_Required work_: Output, word for word, each line from the one with "View of an older" through the end of the listing below, excluding every picture.

_Information supplied_:
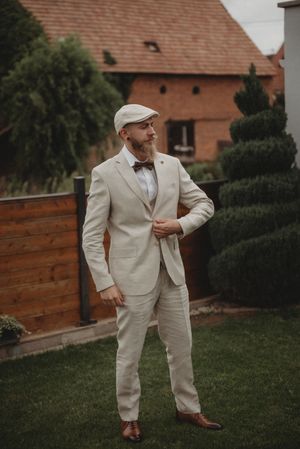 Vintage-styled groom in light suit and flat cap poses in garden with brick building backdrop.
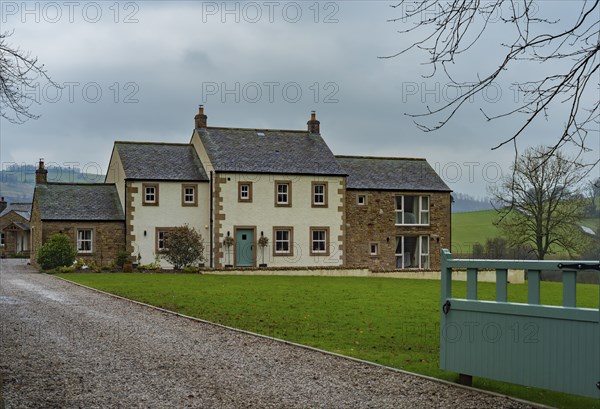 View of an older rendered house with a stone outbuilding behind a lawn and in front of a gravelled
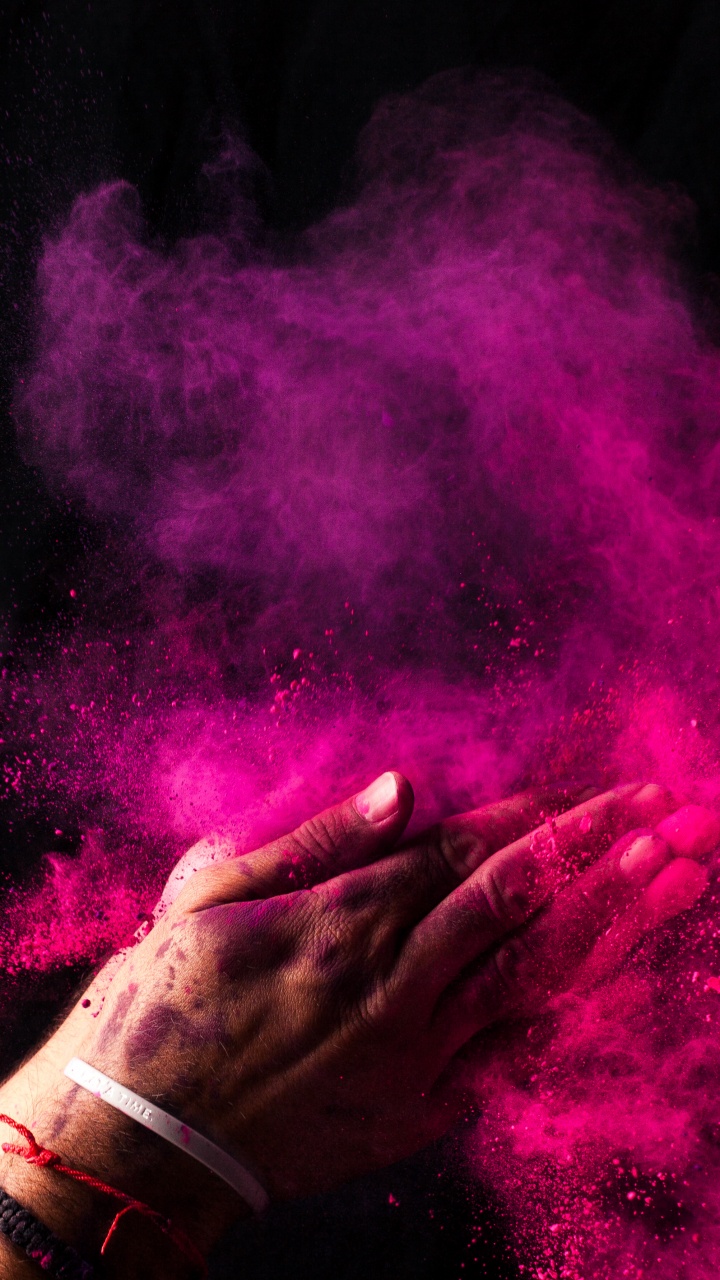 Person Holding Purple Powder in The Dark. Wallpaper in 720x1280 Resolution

_Written reply_:
 View of an older rendered house with a stone outbuilding behind a lawn and in front of a gravelled
 Person Holding Purple Powder in The Dark. Wallpaper in 720x1280 Resolution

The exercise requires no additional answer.